1966
Jawa DT 500cc 890 Speedway
It was 1947 in post war Czechoslavakia to when the first real attempt at producing a speedway motor proper can be traced. A gentleman by the name of Josef Linhart started producing his own speedway motors.
Perhaps not surprisingly, he had used the only successful speedway motor of the time, the JAP, as a pattern and his own motors bore an uncanny resemblance. The Czech motors were called the JO-LI (the first two letters of Linhart's first and last name). These motors were produced for the next three years up to 1950 and are distinguishable by their bronze cylinder heads.
It was in 1950 that Jaroslav Simandl, a motorcycle racer of that time who had already dabbled in motor production bought all of Linharts equipment, castings and remaining spare parts and continued production of the JO-LI under the new name of ESO (Czech for "Ace").
In the early 1950's, Simandl's business was Nationalised, but continued to produce a 500cc speedway motor under the ESO banner right up until the acquisition of his company in 1967 by Jawa, an established Czech motorcycle manufacturer.

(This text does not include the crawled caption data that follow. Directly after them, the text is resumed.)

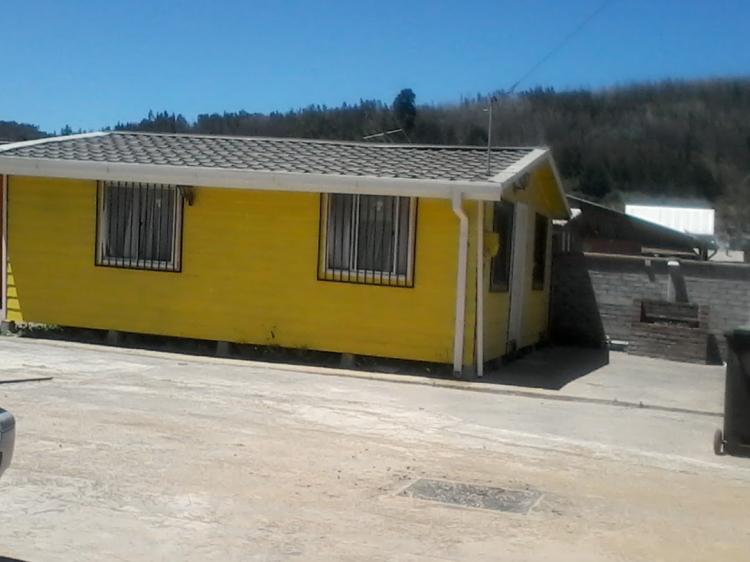Fotografía 2 de Camping El Ensueño en Tome, Bio Bio
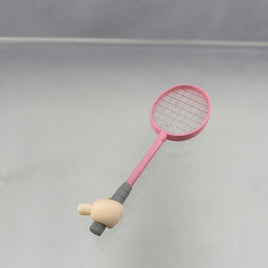 [PC1] Nendoroid More: Parts Collection Picnic -Badminton Racket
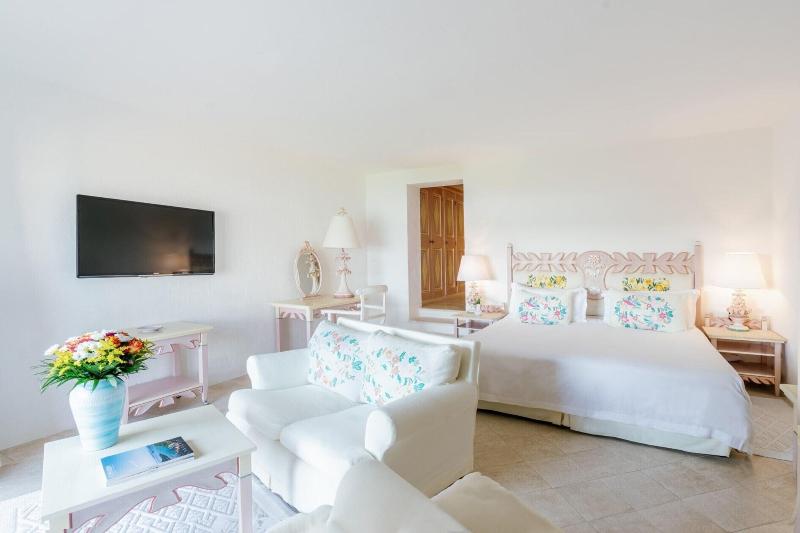 Hotel Pitrizza, a Luxury Collection Hotel, Costa - Oda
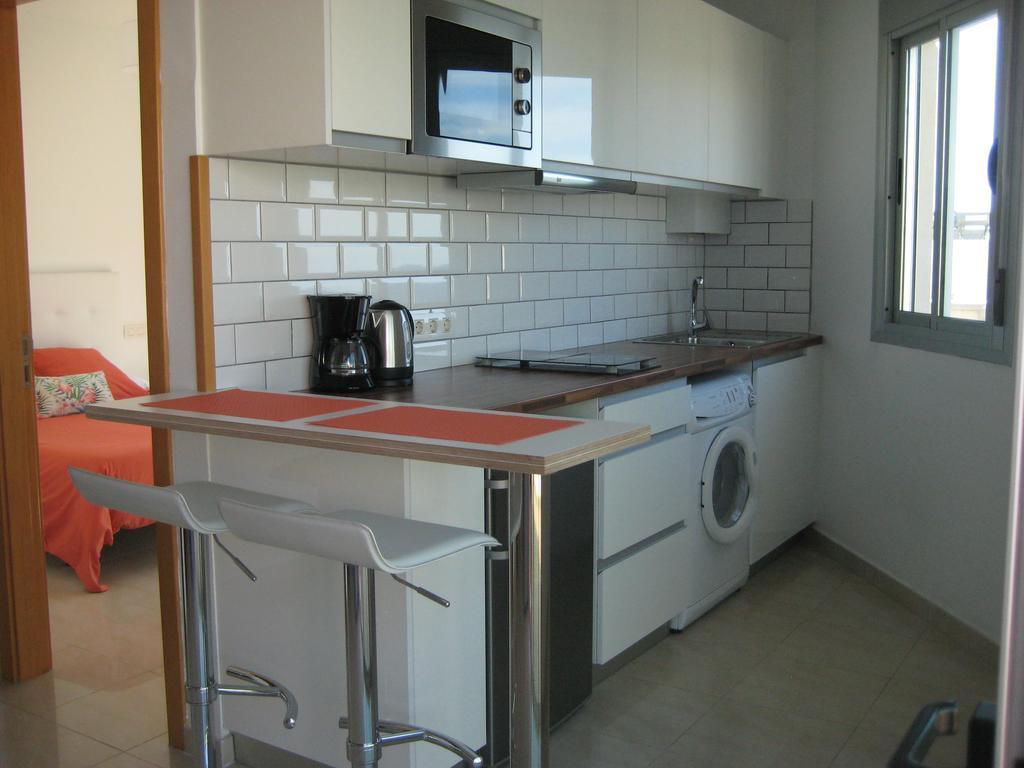 Apartment Atico Con Vistas Centro De Arguineguin La Playa de Arguineguin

In the early 1960's, the ESO motor became very gradually a more common sight on the professional shale circuits and by 1965, the company had a UK concessionaire, Alec Jackson Ltd of London. Only one year after this in 1966, another speedway legend Barry Briggs became the sole UK distributor of the complete ESO machine.
By the late 1960's the ESO name had been dropped by the Jawa giant and the speedway machines now bore the most recognisable name in speedway even to the present day. The Jawa 890 was mechanically almost identical to the earlier ESO models. The two valve Jawa 890 remained virtually unbeatable for a complete decade to follow.